The research is immense. I read everything available on Billy and his times before I started writing. After I finished that, the writing came fairly quickly because I was so steeped in the material.
Several of your novels have been set in the Wild West and focus on various outlaws. What keeps drawing you back to those subjects?
The moral and ethical questions seem to be in bold relief in that era. And in particular with Billy, the distinctions between heroes and villains was very muddied. There were elements of wrong action and motives on all sides.
You’ve worked on several screenplays throughout your writing career. Do you find screenwriting to be easier or harder than writing novels and short stories? What are the specific demands of each form?
Screenplays are easier to write, but you have to deal with what is kindly called “notes,” and they can come from finance people who know little about writing. With novels, you are writer, director and actor in all the parts. With screenwriting, you’re foundational to the project, but always susceptible to changes. I have written both adaptations of my novels and those of others, and also original screenplays. I have generally been paid for my efforts, but not all have been made. That’s the chief frustration with filmmaking.
What’s your favorite screenplay? Favorite novel?
I think “Chinatown” is nearly perfect as a script. I find it hard to single out my favorite novel, so I’ll go with “The Distant Land of My Father” by Bo Caldwell.
Was there a particular piece of writing—a novel or short story—that really made you want to become a writer? Or did you gradually realize over time that you wanted to be a writer?
I was a huge fan of Edgar Allan Poe in grade school. I was transported by his stories. By the time I was in fifth grade I recognized an excited interest in language and in fictional narrative. It’s very helpful to have that focus so early.
What’s your favorite project that you’ve worked on—in any area—film, novels or short stories?
There are favorite aspects to all writing. In each novel or story there’s something, maybe just a sentence or quip that makes me delighted with myself. Every writer regularly finds those joys or they wouldn’t be able to keep at it.
What advice do you have for aspiring writers? Is the field better or worse today for an emerging writer than when you started out?
Publishing has greatly changed because of the economics of book production and sales, and also because there are far fewer readers.
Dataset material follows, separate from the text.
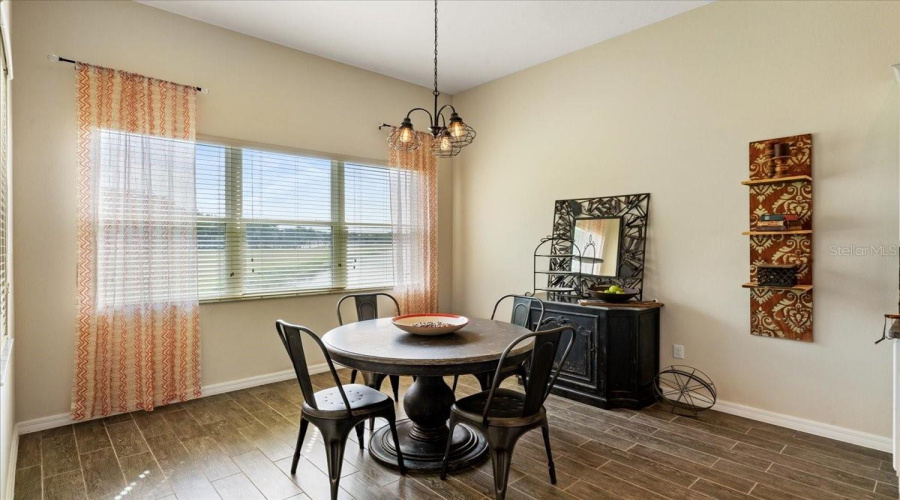 KISSIMMEE, Florida 34746, 3 Bedrooms Bedrooms, ,2 BathroomsBathrooms,Residential,For Sale,BOWFIN,0,MFRS5151840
Aspiring writers will have a peculiarly different field to deal with and I’m afraid I can’t be of much help in conquering it…
What have you read recently that made you say, “Wow.” Who are the writers you want more people to know about?
My friend Tobias Wolff, who was just on campus, is well known and an exceptional writer. Perhaps a little less famous is Jim Shepard, a wonderful writer especially of short stories.
We share our manuscripts for advice and editing before sending them to our publishers. Finding a helpful reader is crucial to one’s development.
How does your faith play a role in your writing? Are you drawn to certain themes like faith and justice in your stories?
My Catholic faith is at least subterranean in whatever I write. Saint Ignatius’s counsel that we should seek God in all things is good advice for any fiction writer or poet. And even the instinct to write is similar to that of religion: the recognition that there is something going on here that matters.
What is your favorite part of Santa Clara?
Hard to say. Maybe the Mission Church and the gardens?
How does teaching writing at Santa Clara impact your role as a novelist or as a screenwriter?
You can become very isolated and solipsistic just hanging out on your own. Teaching gives me the opportunity to talk about books or films I admire, to try out various ideas, and to nurture new writers in a gratifying way. The interest and excitement students (bring to) my classes are wonderfully restorative.